Exercise details:
If pictures are present, leave them out, and copy the data word for word.

Recorded information:
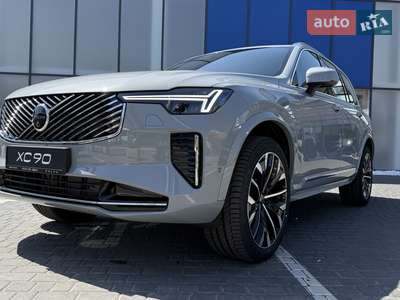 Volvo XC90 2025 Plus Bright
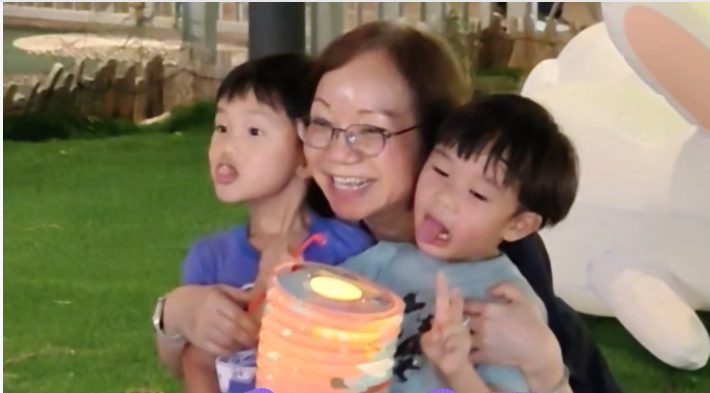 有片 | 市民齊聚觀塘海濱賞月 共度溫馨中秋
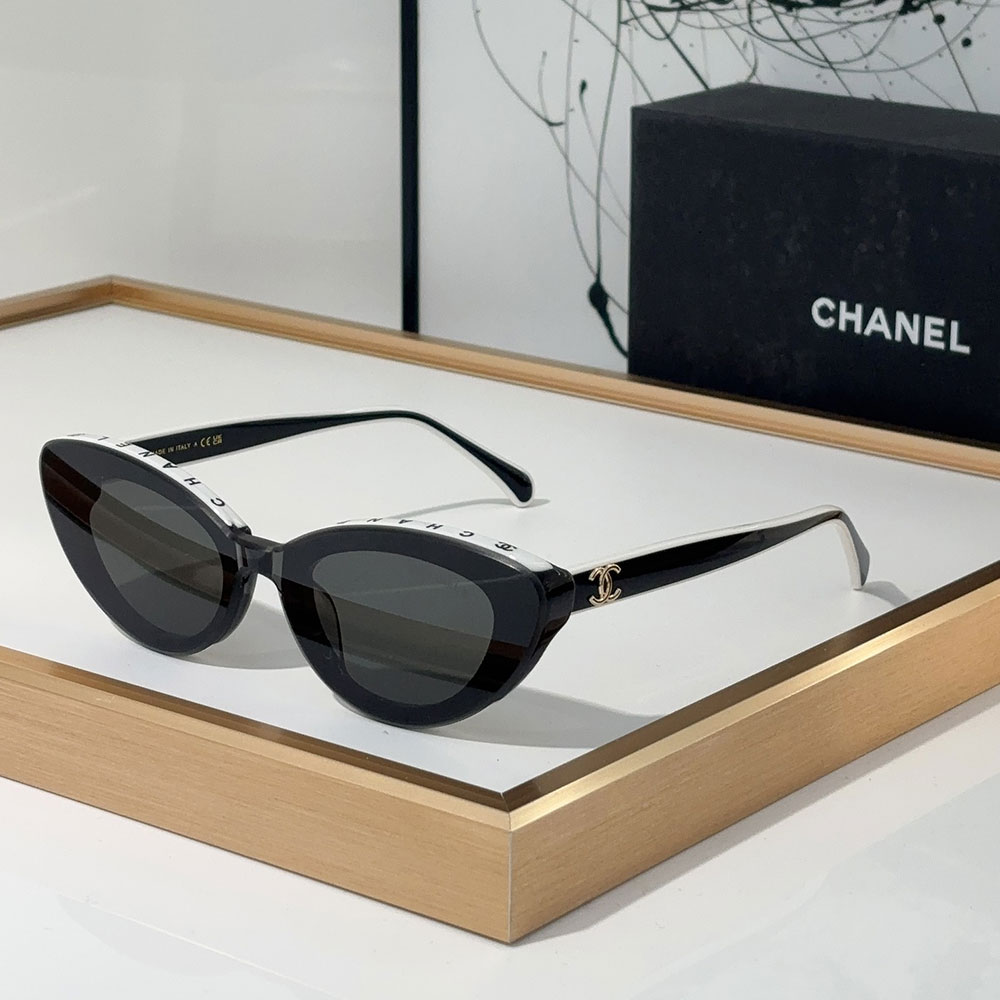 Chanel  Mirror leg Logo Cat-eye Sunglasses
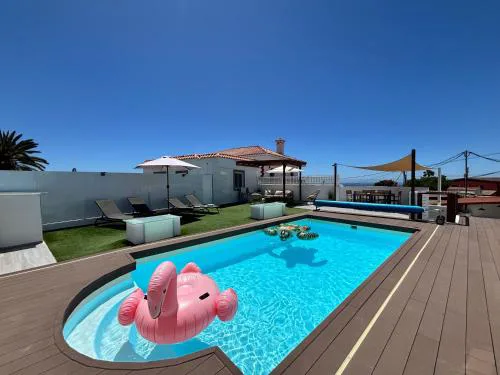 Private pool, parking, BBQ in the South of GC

Problem solution:
 Volvo XC90 2025 Plus Bright
 有片 | 市民齊聚觀塘海濱賞月 共度溫馨中秋
 Chanel  Mirror leg Logo Cat-eye Sunglasses
 Private pool, parking, BBQ in the South of GC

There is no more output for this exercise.